But the industry has long suffered an image problem. "If you brought up the word annuity at a cocktail party, you'd be standing alone pretty quickly," says Bryan Place of Place Financial Advisers in Manlius, N.Y. "Say that word, and people think high commissions, high fees, brokers trying to sell them to widows who don't need them. But reality differs from perception." Other knocks against annuities include inflexible contracts and a bewildering number of bells and whistles.

Cut out the middleman

Advisers like Place, as well as some of the big financial firms, are working to demystify these sometimes complex tools with stripped-down products, easily digestible research, Web-based calculators, and in at least one case, online purchase options. In December, Fidelity began allowing customers to sidestep the middleman and open a tax-deferred variable annuity online. In addition, insurance companies including Hartford, Genworth, MetLife, and Prudential Financial are now offering annuities designed for 401(k) plans. So far, several dozen employers have added annuities to their menu of investment choices, giving workers the option to direct all or part of their contributions into annuities.

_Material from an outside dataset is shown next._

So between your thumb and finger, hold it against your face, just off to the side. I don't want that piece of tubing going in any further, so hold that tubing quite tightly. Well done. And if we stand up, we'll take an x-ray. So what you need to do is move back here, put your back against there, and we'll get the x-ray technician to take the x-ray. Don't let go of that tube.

Fidelity says its Personal Retirement Annuity is suitable for online sales because it's devoid of complicated add-ons. "What we've done is try to simplify the product," says Joan Bloom, senior vice president of Fidelity Investments Life Insurance. "Through customer research, we found that customers really didn't understand what they were buying, so we stripped our products down to offer the most basic features at a low cost."

Using input from focus groups, Fidelity has also revamped its online research materials to include calculators, worksheets, and two-minute videos explaining the ins and outs of annuities.

Strive for simplicity

Perhaps more evidence that annuities need unscrambling: Annuities for Dummies hit the shelves in January (to be fair, The Complete Idiot's Guide to Buying Insurance and Annuities has been out more than a decade). "The industry is trying to strike a balance between making these products simple enough to understand, yet hardy enough to deal with the real risks in the marketplace," says John Diehl, director of Hartford's Retirement Solutions Group, which uses research from MIT's AgeLab to create more understandable annuity marketing materials.

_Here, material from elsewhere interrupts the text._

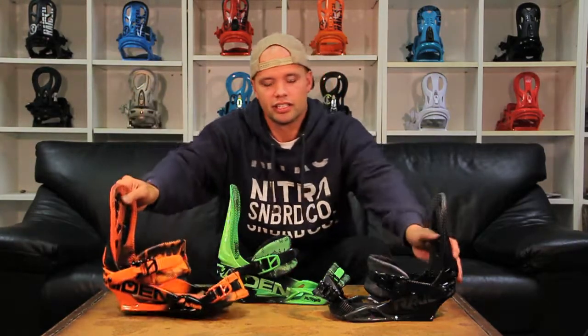The Pusher comes in three colors: the green, the orange, and the black. My personal favorite is this green right here.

Some confusion stems from the variety of annuities on the market. Annuities can be immediate, which means payments begin right away, or deferred, meaning payments (and taxes) are postponed. They can also be fixed, with a set payment amount, or variable, which means payments depend on the performance of an investment.

Riders, such as death benefits, guaranteed rates of return, and long-term-care benefits, can complicate variable annuities. Those extras often come at a steep premium, so it pays to eyeball variable annuities closely, says Rudy Aguilera, founder of Helios, an investment advisory firm in Orlando. "Transparency has never been one of the industry's strong suits," he says.

Do your research

But don't assume all annuities are overly complicated, says John Ameriks, head of Vanguard's Investment Counseling and Research Group. "Immediate annuities are straightforward," he says. "The deal is this: You give us a lump sum; we give you payments for as long as you live. It's not a lot more complicated than that."

Like Fidelity, Vanguard offers stripped-down annuities that minimize fees. Customers can fill out applications online, although they must print, sign, and mail the forms. However, few people go this route, says John Heywood, principal of Vanguard's retail investor group: "Most people want to talk first."